Apparently Apple is about to announce some kind of new gadget in the next week or so, and it’s going to revolutionise everything all over again. Although nobody thinks that the new device is going to be a mere e-book reader, it looks like it’s going to be at least an e-book reader, with Apple rumoured to be in talks with Hachette, HarperCollins and others to secure electronic distribution of their titles. The idea would be a sort of iTunes store for books as well as journals and the existing music, movies and TV shows.
I never thought I would have considered a tablet computer or e-book reader, but now I think there’s a good chance I’ll buy the Apple one. What happened to me? Honestly: it was the iPhone. Another rumour has it that the iPhone was born out of something called the “Safari Pad”, a touchscreen tablet-style device intended for web browsing that Steve Jobs finessed into the smartphone we all know and mostly love. That decision now seems to have been an inspired one, about developing the market as much as the technology.
I bought an iPhone because I already had an iPod, I listened to a lot of music and podcasts and could never get them to work seamlessly enough with whatever smartphone I hoped would solve it all for me. I just wanted to carry fewer gadgets and have more free pockets, and the iPhone fit the bill.

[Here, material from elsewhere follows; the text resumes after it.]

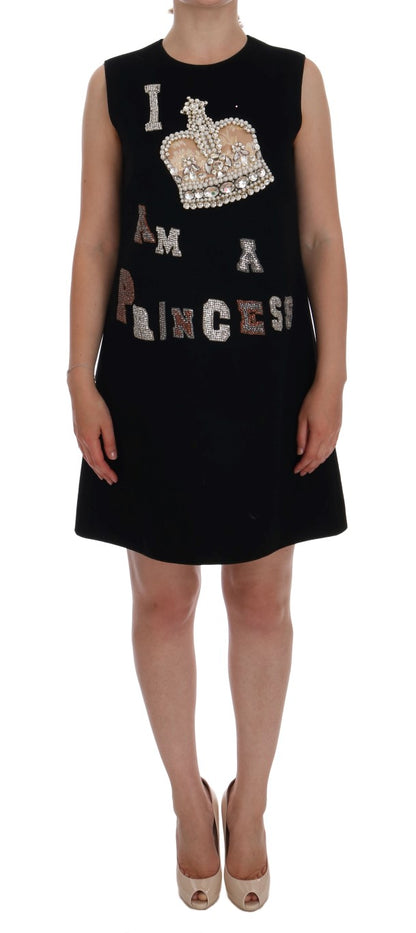 Dolce & Gabbana Black Wool Crystal Princess Dress Dolce & Gabbana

I hadn’t ever thought of reading books on it, because that wasn’t remotely possible on either previous phones or iPods. The closest thing I’d done on either kind of device was listening to audiobooks, which I do like a lot, though I’ve always found there’s something unwieldy about them: you can’t read at your own pace, it’s hard to flip back and forward to find things you may have missed or misunderstood, you can’t copy out bits that you like.
But I got a couple of free books for the iPhone and started reading them, just because they were there and I didn’t have anything else to read on the bus or waiting in the pub. I downloaded the Shakespeare application, like most people do. I got the Kindle application and bought a book or two. I was sent a first draft of a new novel by e-mail and instead of printing it out I read it on the iPhone. It wasn’t ideal, the screen was too small, it wasn’t particularly comfortable to hold, but instead of thinking it was all rubbish and I’d go back to paperbacks, I started thinking: what if the screen were bigger? If the contrast were better? And then: what if I could easily search through the book, make notes to myself, copy and paste passages? What if, any time I didn’t know a word or a historical reference, I could just tap on it for its definition or Wikipedia entry? By being almost good enough, the iPhone suggested what would come after it, and began to persuade me that I needed something I’d never thought about before.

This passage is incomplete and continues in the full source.